Evaluating a Machine Learning model can be quite tricky. Usually, we split the data set into training and testing sets and use the training set to train the model and testing set to test the model. We then evaluate the model performance based on an error metric to determine the accuracy of the model. This method however, is not very reliable as the accuracy obtained for one test set can be very different to the accuracy obtained for a different test set _(as shown here)_. K-fold Cross Validation(CV) provides a solution to this problem by dividing the data into folds and ensuring that each fold is used as a testing set at some point.

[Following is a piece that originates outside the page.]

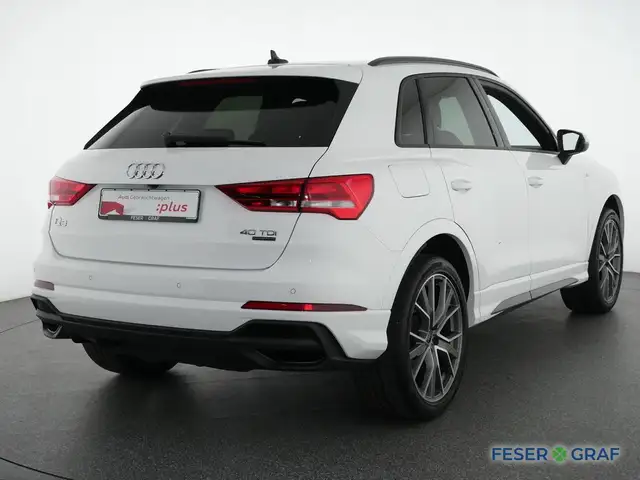 Audi Q3 view 4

Similarly to Issue #3, we want to investigate how much the performance score computed using cross-validation depends on the number of folds. Eg. how would our performance estimate change if we used 10-fold rather than 5-fold?
Write a function that takes a scikit-learn estimator(Logistic Regression) and a dataset, then compute an evaluation metric using repeated K-fold cross-validation over a grid of K values from 1 to n. It should output a table of K with the average metric value across the folds, one for each repeat. A prepliminary analysis of our data set (defaults.csv) can be referenced here
# Basic Computations
import numpy as np
import pandas as pd
import seaborn as sns
import matplotlib.pyplot as plt
%matplotlib inline
%config InlineBackend.figure_format='retina'
# Dynamic Markdowns
from IPython.display import Markdown as md
import warnings; warnings.simplefilter('ignore')
#**Adding module’s sub-directory to Pythons path**
import os
import sys
sys.path.insert(0, os.path.abspath('../elie_wanko/modules'))
import helpers, summary
df_data = pd.read_csv("defaults_data.csv")
df_data.head()
In our analysis, we are considering the following folds shown in the table below.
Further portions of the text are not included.